──────── EXERCISE INPUT

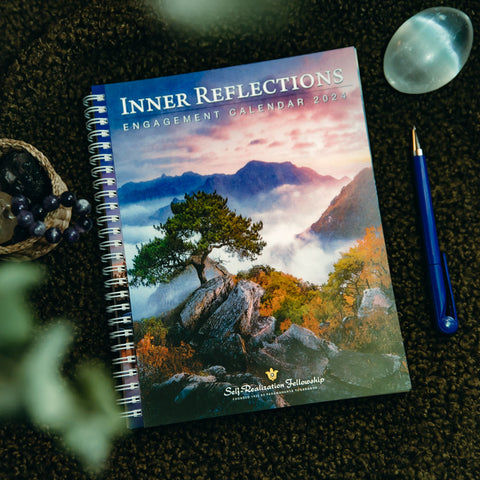 2024 Inner Reflections Calendar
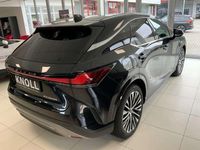 gebraucht Lexus RX450h 450 h+ E-Four Executive Line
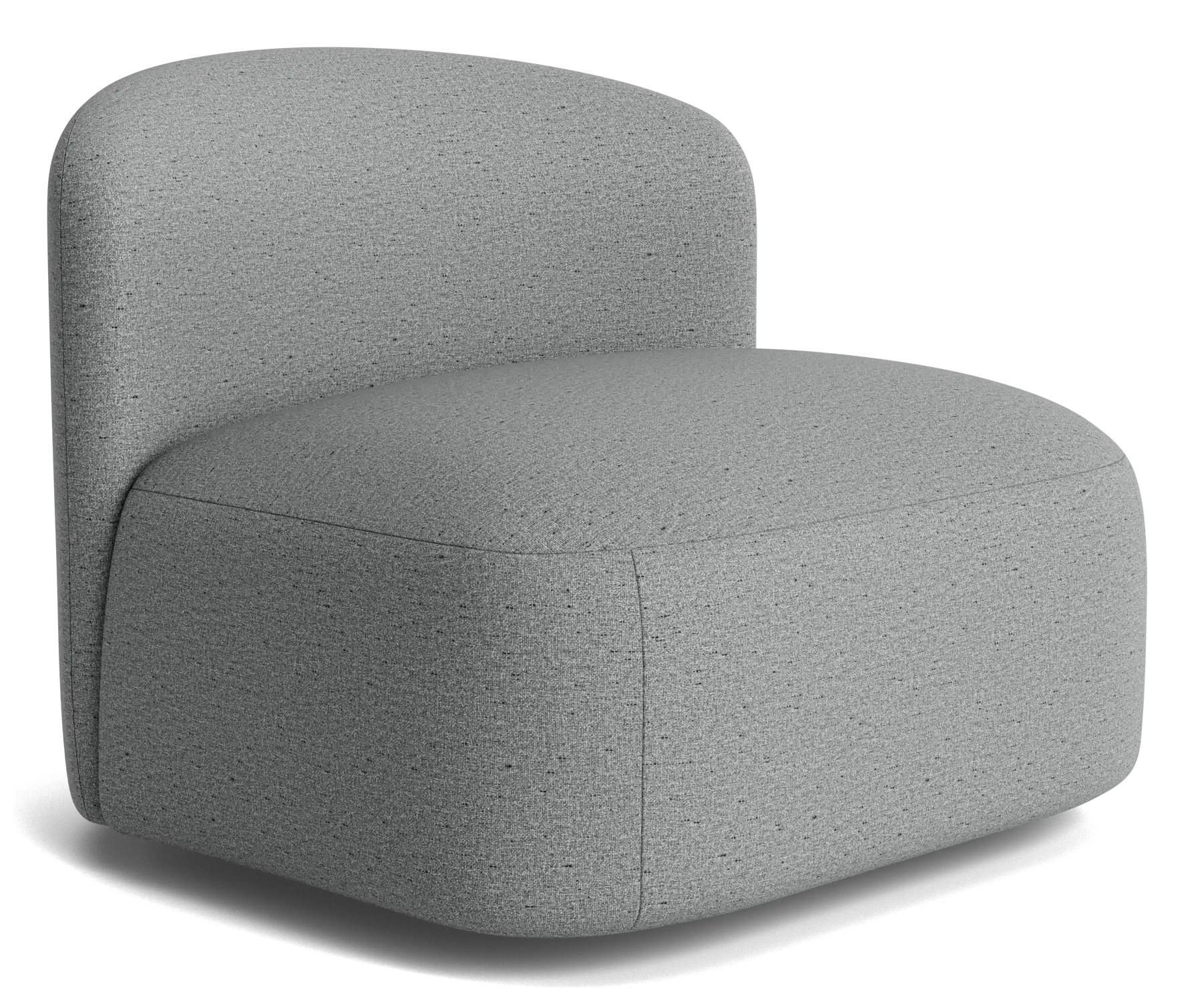 severn swivel chair essence ash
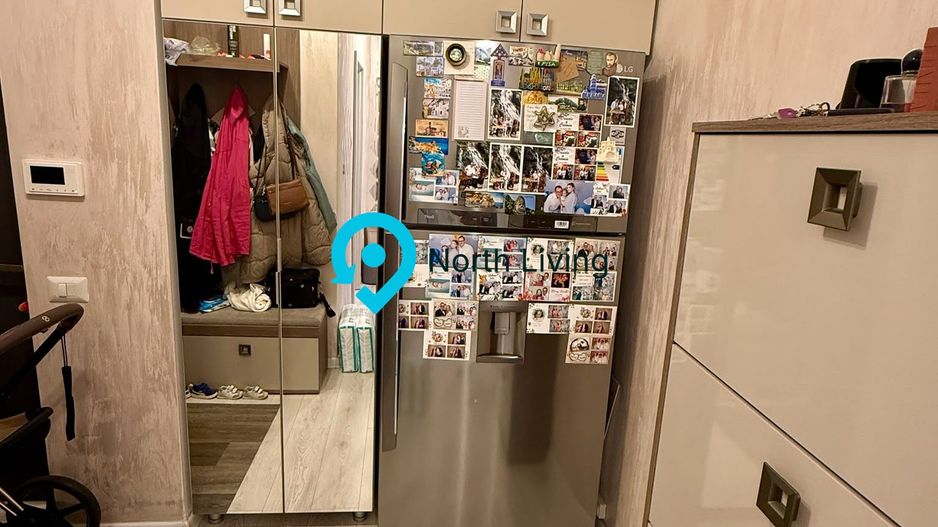Apartament 2 camere de vânzare – Drumul Jilavei | Decomandat | Parcare - Poză 8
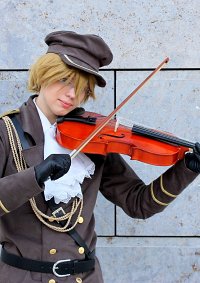 Cosplay-Cover: Natsuki Shinomiya [Debut]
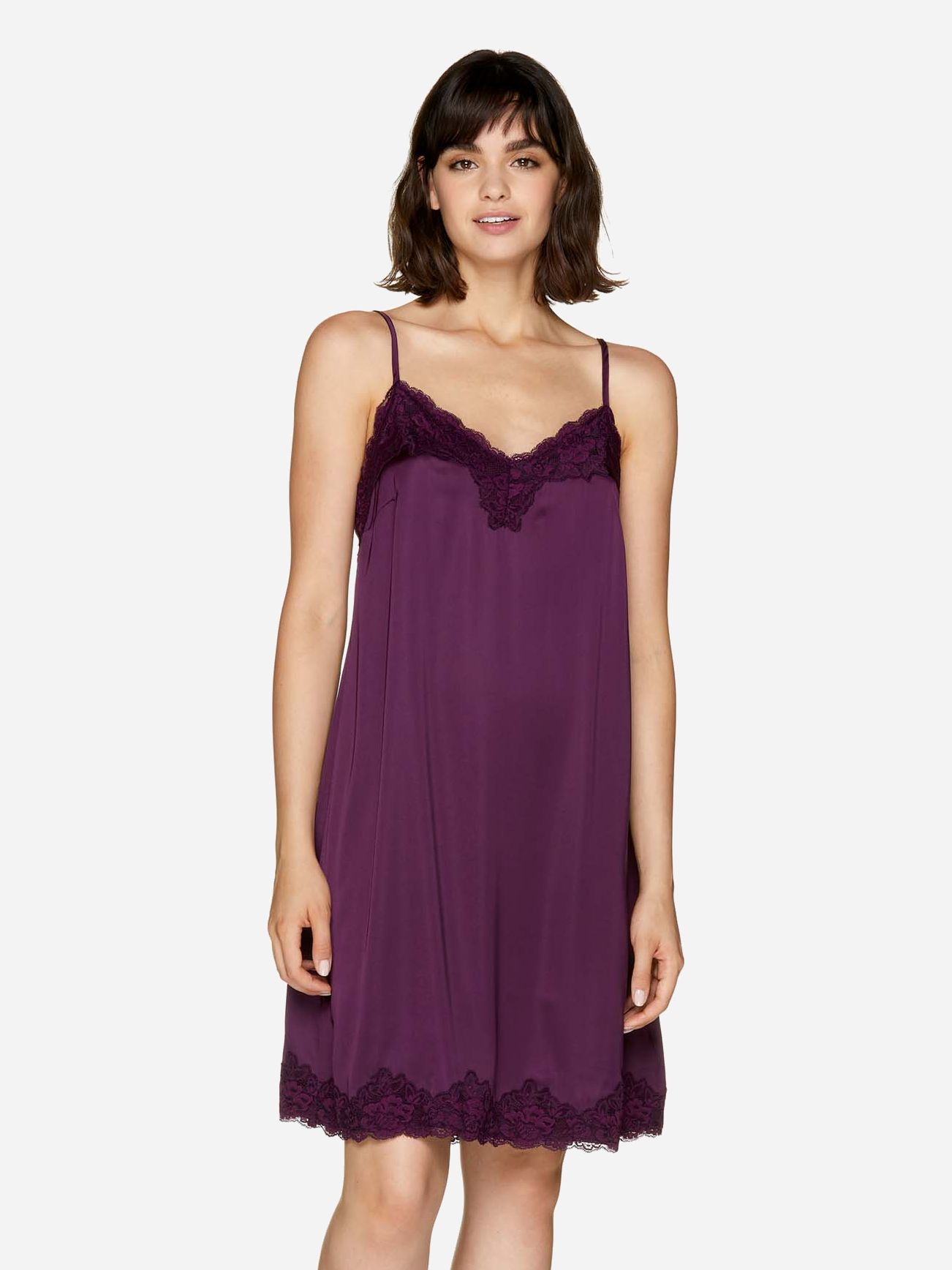 

Ночная рубашка United Colors Of Benetton 4KO13C175-359, Ночная рубашка United Colors Of Benetton 4KO13C175-359 XS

────────────────

**YOUR ASSIGNMENT**. Drop the pictures, then transcribe the lines from the one containing "Apartament 2 camere" to the end of the data above, exactly and nothing more.

**WRITTEN SOLUTION**.
Apartament 2 camere de vânzare – Drumul Jilavei | Decomandat | Parcare - Poză 8
 Cosplay-Cover: Natsuki Shinomiya [Debut]

Ночная рубашка United Colors Of Benetton 4KO13C175-359, Ночная рубашка United Colors Of Benetton 4KO13C175-359 XS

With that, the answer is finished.